Added to that, the 24-year-old joined the gaming community relatively later in life than most hard-core gamers, after being banned from having her own gaming console as a child.
But the newest host of ABC2's Good Game - the cult review show that bills itself as "for gamers by gamers" - is not one to let a few stereotypes hold her back.
The self-confessed geek, who goes by the game name "Hex", is quite happy to squirrel herself away in a room for hours, sometimes days, at a time playing video games and immersing herself in the gaming culture.
As she is quick to point out, a survey by the Australian Interactive Games and Entertainment Association last year revealed 46 per cent of gamers are female and the number is steadily increasing.
"I think girls just need to be more vocal about being geeky and being into games," she says.
"Thankfully there are a lot of nerds out there. I like nerdy guys.
"A guy who knows his way around a computer, that is the way to my heart."
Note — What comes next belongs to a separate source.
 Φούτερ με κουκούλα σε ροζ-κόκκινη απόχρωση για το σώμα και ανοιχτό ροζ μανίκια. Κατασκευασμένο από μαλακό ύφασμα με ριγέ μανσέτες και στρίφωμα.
Born to non-gaming parents, Hex says she was forced to sneak over to a friend's house and put in serious hours on their Sega Megadrive.
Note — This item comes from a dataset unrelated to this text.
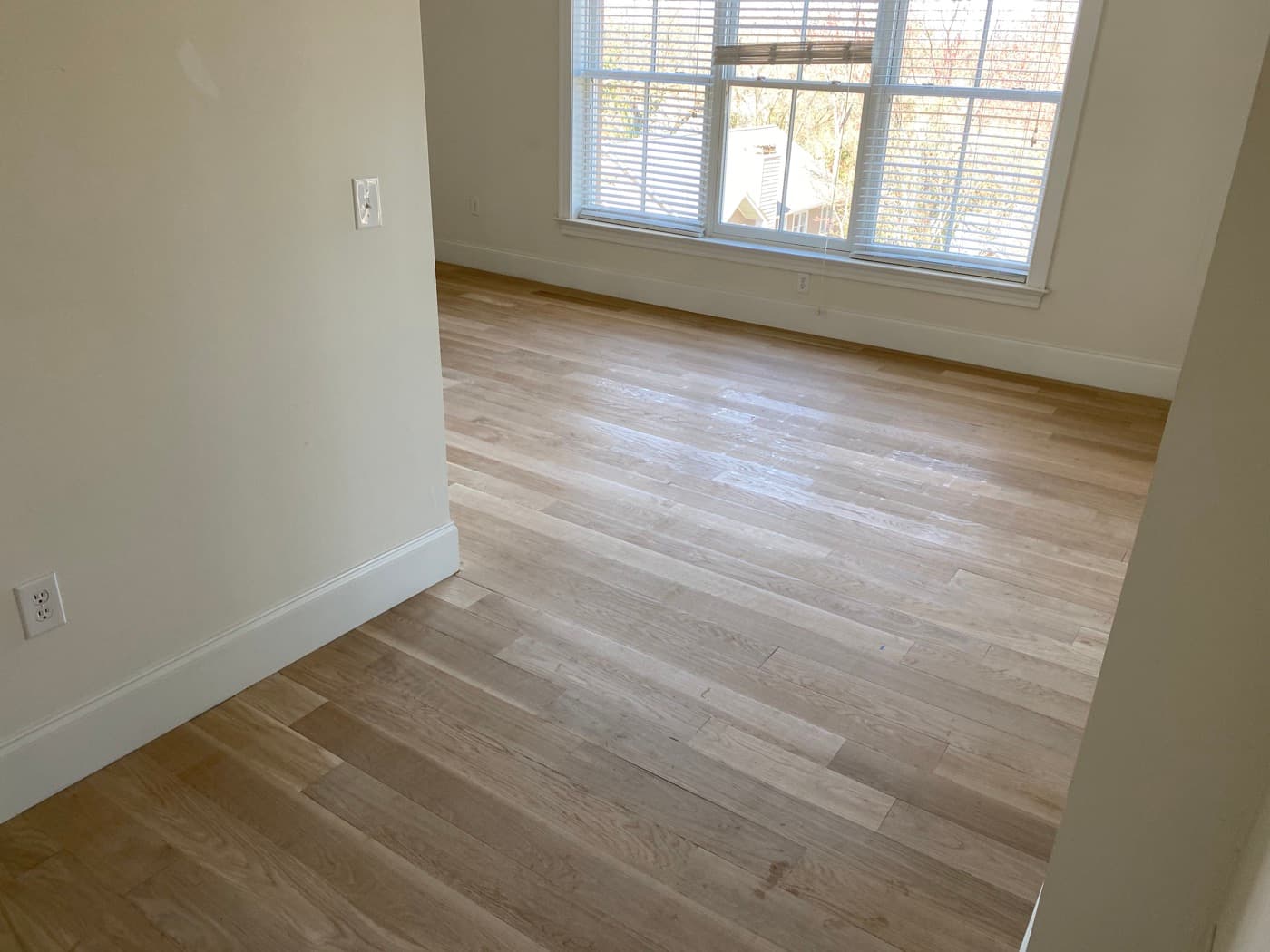 Raw unfinished engineered white oak installed and ready for sanding in bedroom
But when she finished high school, she decided to build a computer that was fast and powerful enough to run games.
"It was a whirlwind because I had to condense what most people had as a whole childhood and life of gaming into a short period of time," she says. "I feel like I had to fight for my right to game.
"The irony of it is that I never had video games as a kid and now my parents, who have been so supportive of my television aspirations, are seeing how relevant video gaming is to my career."
Hex and co-host Steven "Bajo" O'Donnell will wrap up the popular gaming show for the year on Monday with a Christmas special, but will branch out in February to also present Good Game: SP, (or Spawn Point - the place in which a player or item reappears after being killed in a game), which Hex says will be a G and PG-friendly version of the show for ABC3.
She was approached to co-host the popular gaming show with Bajo after auditioning for ABC's national talent search Me on 3.
While she was thoroughly quizzed on her gaming credentials before landing her dream job, she is not convinced there is enough recognition in the workplace about the skills gaming provides and so is hesitant to recommend other youngsters put their gaming levels on their resumes.
"The best thing about games is that they are a really great creative outlet," she says.
"So long as everything is approached with a point of moderation, I don't think anyone should be denied the experience to explore another world the way video games allow them to."
'I think girls need to be more vocal about being geeky and being into games.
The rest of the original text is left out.